> What you are asked to do: Restating the data word for word is all that is required.

> Records:

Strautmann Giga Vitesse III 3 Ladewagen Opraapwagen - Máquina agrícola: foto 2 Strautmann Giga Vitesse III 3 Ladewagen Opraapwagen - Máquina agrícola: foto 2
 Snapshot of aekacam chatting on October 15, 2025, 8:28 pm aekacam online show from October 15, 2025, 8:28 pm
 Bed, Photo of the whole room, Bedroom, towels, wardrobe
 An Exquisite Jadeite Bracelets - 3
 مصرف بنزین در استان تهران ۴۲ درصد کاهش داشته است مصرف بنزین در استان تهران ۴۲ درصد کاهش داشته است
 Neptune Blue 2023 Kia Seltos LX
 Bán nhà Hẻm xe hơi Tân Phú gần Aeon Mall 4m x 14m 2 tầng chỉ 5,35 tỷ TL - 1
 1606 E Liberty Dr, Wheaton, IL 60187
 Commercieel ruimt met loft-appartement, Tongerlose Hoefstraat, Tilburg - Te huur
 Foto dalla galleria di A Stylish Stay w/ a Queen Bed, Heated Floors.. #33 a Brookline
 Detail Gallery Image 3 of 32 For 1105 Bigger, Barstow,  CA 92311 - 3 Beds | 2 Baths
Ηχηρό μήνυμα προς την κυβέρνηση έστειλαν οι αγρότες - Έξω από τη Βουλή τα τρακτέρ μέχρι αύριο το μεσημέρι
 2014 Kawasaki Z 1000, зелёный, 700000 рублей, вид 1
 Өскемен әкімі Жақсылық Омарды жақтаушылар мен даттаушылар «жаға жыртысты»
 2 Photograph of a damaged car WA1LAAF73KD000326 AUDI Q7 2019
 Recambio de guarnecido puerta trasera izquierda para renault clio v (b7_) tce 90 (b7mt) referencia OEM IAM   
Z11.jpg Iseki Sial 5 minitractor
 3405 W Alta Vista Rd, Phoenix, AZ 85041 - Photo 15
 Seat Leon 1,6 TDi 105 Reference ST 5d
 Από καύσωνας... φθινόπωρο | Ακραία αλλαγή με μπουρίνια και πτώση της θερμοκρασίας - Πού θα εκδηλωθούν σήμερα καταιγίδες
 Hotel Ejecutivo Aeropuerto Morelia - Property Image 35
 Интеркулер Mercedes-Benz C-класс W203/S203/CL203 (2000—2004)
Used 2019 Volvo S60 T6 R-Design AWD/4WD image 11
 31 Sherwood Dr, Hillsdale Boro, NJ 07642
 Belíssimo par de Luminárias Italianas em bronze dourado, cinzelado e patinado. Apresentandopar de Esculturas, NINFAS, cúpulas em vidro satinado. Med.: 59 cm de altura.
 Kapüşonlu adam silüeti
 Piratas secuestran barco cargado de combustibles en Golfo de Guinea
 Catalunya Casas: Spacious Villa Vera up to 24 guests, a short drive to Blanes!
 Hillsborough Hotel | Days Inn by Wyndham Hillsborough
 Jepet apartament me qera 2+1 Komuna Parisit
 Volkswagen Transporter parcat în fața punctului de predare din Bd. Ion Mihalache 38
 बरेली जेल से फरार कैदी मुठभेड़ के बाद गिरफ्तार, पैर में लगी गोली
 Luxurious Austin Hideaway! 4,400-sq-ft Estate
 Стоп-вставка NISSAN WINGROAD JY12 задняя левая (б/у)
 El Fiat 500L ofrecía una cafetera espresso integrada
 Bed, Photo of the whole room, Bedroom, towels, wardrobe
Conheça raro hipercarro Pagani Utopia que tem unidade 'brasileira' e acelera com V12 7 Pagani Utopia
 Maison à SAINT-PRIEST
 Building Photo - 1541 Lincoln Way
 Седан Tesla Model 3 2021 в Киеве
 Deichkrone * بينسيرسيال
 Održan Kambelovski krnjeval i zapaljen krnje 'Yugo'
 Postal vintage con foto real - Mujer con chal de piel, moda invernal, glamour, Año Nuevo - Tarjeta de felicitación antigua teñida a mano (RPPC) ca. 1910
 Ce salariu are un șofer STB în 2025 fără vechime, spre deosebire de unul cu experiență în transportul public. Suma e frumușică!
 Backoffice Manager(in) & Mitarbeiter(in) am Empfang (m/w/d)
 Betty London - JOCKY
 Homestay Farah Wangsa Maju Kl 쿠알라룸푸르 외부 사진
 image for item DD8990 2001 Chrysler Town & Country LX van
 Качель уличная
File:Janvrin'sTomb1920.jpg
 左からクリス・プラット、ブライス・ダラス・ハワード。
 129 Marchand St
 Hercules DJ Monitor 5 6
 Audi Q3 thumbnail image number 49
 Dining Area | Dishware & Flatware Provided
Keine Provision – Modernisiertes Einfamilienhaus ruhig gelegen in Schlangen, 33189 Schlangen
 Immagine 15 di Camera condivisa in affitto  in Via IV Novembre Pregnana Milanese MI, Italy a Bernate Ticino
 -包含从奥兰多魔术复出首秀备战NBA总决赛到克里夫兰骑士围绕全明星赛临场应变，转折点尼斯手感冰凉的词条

> Answer space:
Strautmann Giga Vitesse III 3 Ladewagen Opraapwagen - Máquina agrícola: foto 2 Strautmann Giga Vitesse III 3 Ladewagen Opraapwagen - Máquina agrícola: foto 2
 Snapshot of aekacam chatting on October 15, 2025, 8:28 pm aekacam online show from October 15, 2025, 8:28 pm
 Bed, Photo of the whole room, Bedroom, towels, wardrobe
 An Exquisite Jadeite Bracelets - 3
 مصرف بنزین در استان تهران ۴۲ درصد کاهش داشته است مصرف بنزین در استان تهران ۴۲ درصد کاهش داشته است
 Neptune Blue 2023 Kia Seltos LX
 Bán nhà Hẻm xe hơi Tân Phú gần Aeon Mall 4m x 14m 2 tầng chỉ 5,35 tỷ TL - 1
 1606 E Liberty Dr, Wheaton, IL 60187
 Commercieel ruimt met loft-appartement, Tongerlose Hoefstraat, Tilburg - Te huur
 Foto dalla galleria di A Stylish Stay w/ a Queen Bed, Heated Floors.. #33 a Brookline
 Detail Gallery Image 3 of 32 For 1105 Bigger, Barstow,  CA 92311 - 3 Beds | 2 Baths
Ηχηρό μήνυμα προς την κυβέρνηση έστειλαν οι αγρότες - Έξω από τη Βουλή τα τρακτέρ μέχρι αύριο το μεσημέρι
 2014 Kawasaki Z 1000, зелёный, 700000 рублей, вид 1
 Өскемен әкімі Жақсылық Омарды жақтаушылар мен даттаушылар «жаға жыртысты»
 2 Photograph of a damaged car WA1LAAF73KD000326 AUDI Q7 2019
 Recambio de guarnecido puerta trasera izquierda para renault clio v (b7_) tce 90 (b7mt) referencia OEM IAM   
Z11.jpg Iseki Sial 5 minitractor
 3405 W Alta Vista Rd, Phoenix, AZ 85041 - Photo 15
 Seat Leon 1,6 TDi 105 Reference ST 5d
 Από καύσωνας... φθινόπωρο | Ακραία αλλαγή με μπουρίνια και πτώση της θερμοκρασίας - Πού θα εκδηλωθούν σήμερα καταιγίδες
 Hotel Ejecutivo Aeropuerto Morelia - Property Image 35
 Интеркулер Mercedes-Benz C-класс W203/S203/CL203 (2000—2004)
Used 2019 Volvo S60 T6 R-Design AWD/4WD image 11
 31 Sherwood Dr, Hillsdale Boro, NJ 07642
 Belíssimo par de Luminárias Italianas em bronze dourado, cinzelado e patinado. Apresentandopar de Esculturas, NINFAS, cúpulas em vidro satinado. Med.: 59 cm de altura.
 Kapüşonlu adam silüeti
 Piratas secuestran barco cargado de combustibles en Golfo de Guinea
 Catalunya Casas: Spacious Villa Vera up to 24 guests, a short drive to Blanes!
 Hillsborough Hotel | Days Inn by Wyndham Hillsborough
 Jepet apartament me qera 2+1 Komuna Parisit
 Volkswagen Transporter parcat în fața punctului de predare din Bd. Ion Mihalache 38
 बरेली जेल से फरार कैदी मुठभेड़ के बाद गिरफ्तार, पैर में लगी गोली
 Luxurious Austin Hideaway! 4,400-sq-ft Estate
 Стоп-вставка NISSAN WINGROAD JY12 задняя левая (б/у)
 El Fiat 500L ofrecía una cafetera espresso integrada
 Bed, Photo of the whole room, Bedroom, towels, wardrobe
Conheça raro hipercarro Pagani Utopia que tem unidade 'brasileira' e acelera com V12 7 Pagani Utopia
 Maison à SAINT-PRIEST
 Building Photo - 1541 Lincoln Way
 Седан Tesla Model 3 2021 в Киеве
 Deichkrone * بينسيرسيال
 Održan Kambelovski krnjeval i zapaljen krnje 'Yugo'
 Postal vintage con foto real - Mujer con chal de piel, moda invernal, glamour, Año Nuevo - Tarjeta de felicitación antigua teñida a mano (RPPC) ca. 1910
 Ce salariu are un șofer STB în 2025 fără vechime, spre deosebire de unul cu experiență în transportul public. Suma e frumușică!
 Backoffice Manager(in) & Mitarbeiter(in) am Empfang (m/w/d)
 Betty London - JOCKY
 Homestay Farah Wangsa Maju Kl 쿠알라룸푸르 외부 사진
 image for item DD8990 2001 Chrysler Town & Country LX van
 Качель уличная
File:Janvrin'sTomb1920.jpg
 左からクリス・プラット、ブライス・ダラス・ハワード。
 129 Marchand St
 Hercules DJ Monitor 5 6
 Audi Q3 thumbnail image number 49
 Dining Area | Dishware & Flatware Provided
Keine Provision – Modernisiertes Einfamilienhaus ruhig gelegen in Schlangen, 33189 Schlangen
 Immagine 15 di Camera condivisa in affitto  in Via IV Novembre Pregnana Milanese MI, Italy a Bernate Ticino
 -包含从奥兰多魔术复出首秀备战NBA总决赛到克里夫兰骑士围绕全明星赛临场应变，转折点尼斯手感冰凉的词条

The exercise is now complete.